*** DATA IN THIS EXERCISE ***

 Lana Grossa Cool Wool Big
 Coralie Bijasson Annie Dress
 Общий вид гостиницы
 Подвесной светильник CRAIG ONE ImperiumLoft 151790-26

*** End of DATA IN THIS EXERCISE ***
*** DATA IN THIS EXERCISE ***

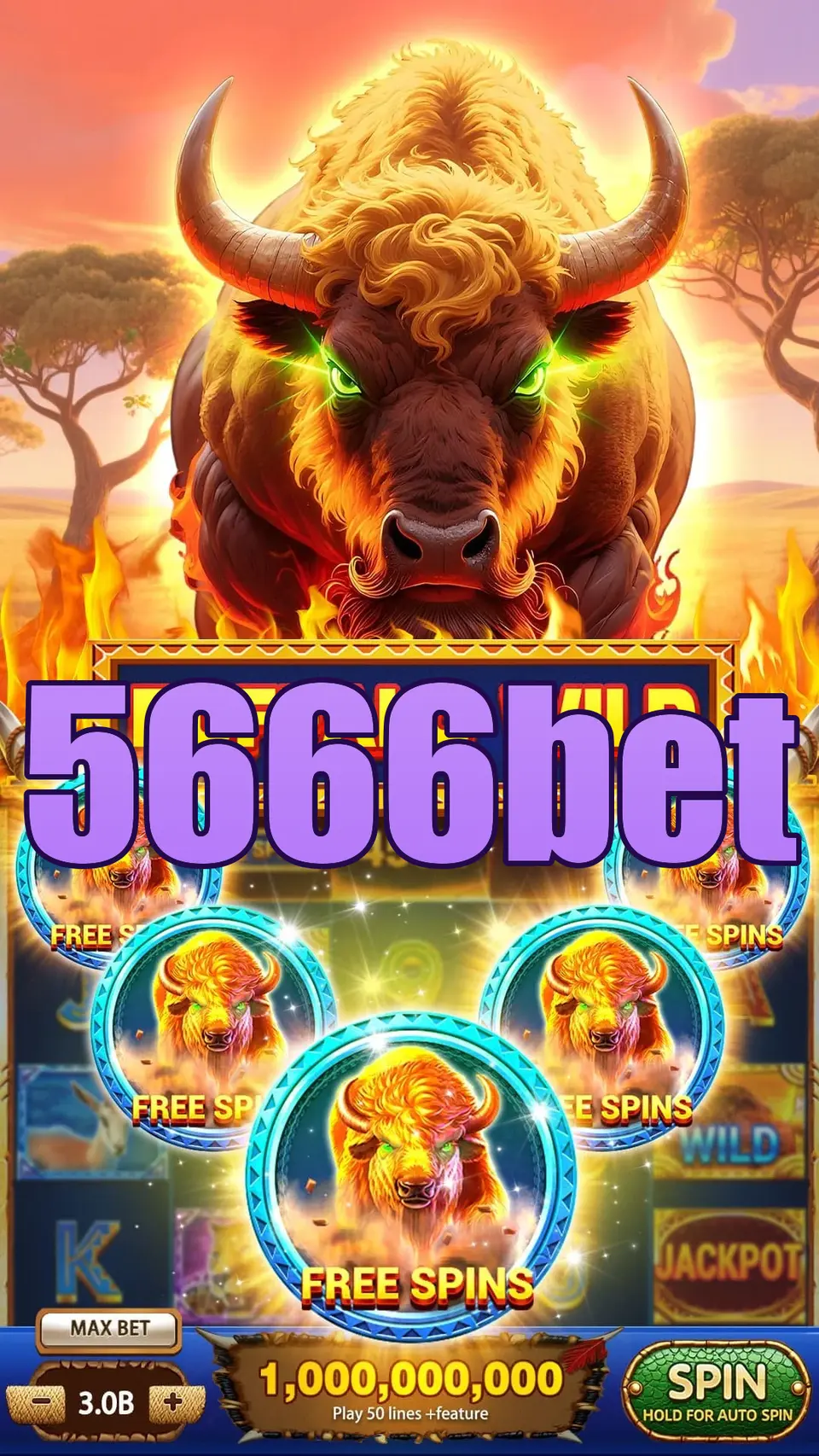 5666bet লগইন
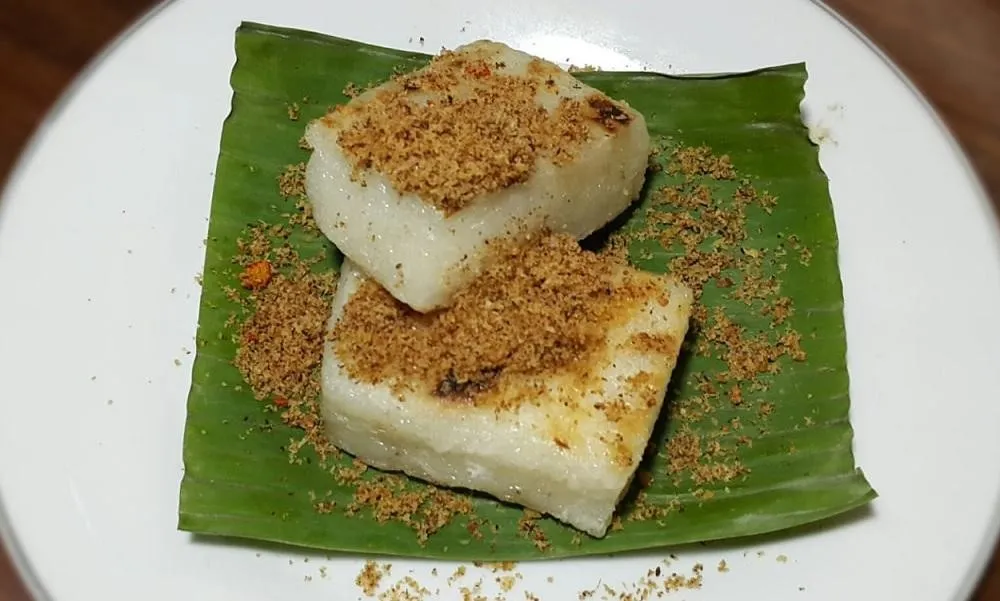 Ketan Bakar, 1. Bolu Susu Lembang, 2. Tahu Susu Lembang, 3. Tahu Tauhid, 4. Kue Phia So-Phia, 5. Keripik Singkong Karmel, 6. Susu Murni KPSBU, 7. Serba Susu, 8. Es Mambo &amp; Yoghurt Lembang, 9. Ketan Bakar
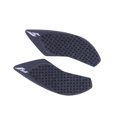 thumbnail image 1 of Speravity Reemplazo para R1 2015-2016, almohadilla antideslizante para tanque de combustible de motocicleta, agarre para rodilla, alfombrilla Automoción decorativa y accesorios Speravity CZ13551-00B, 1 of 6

*** End of DATA IN THIS EXERCISE ***

- REQUIRED WORK:
Retype the records above, but only those lines that fall between the line containing "Lana Grossa Cool Wool Big" and the line containing "Подвесной светильник CRAIG", with both of those lines included, exactly as written.

- ANSWER FOR THIS EXERCISE:
 Lana Grossa Cool Wool Big
 Coralie Bijasson Annie Dress
 Общий вид гостиницы
 Подвесной светильник CRAIG ONE ImperiumLoft 151790-26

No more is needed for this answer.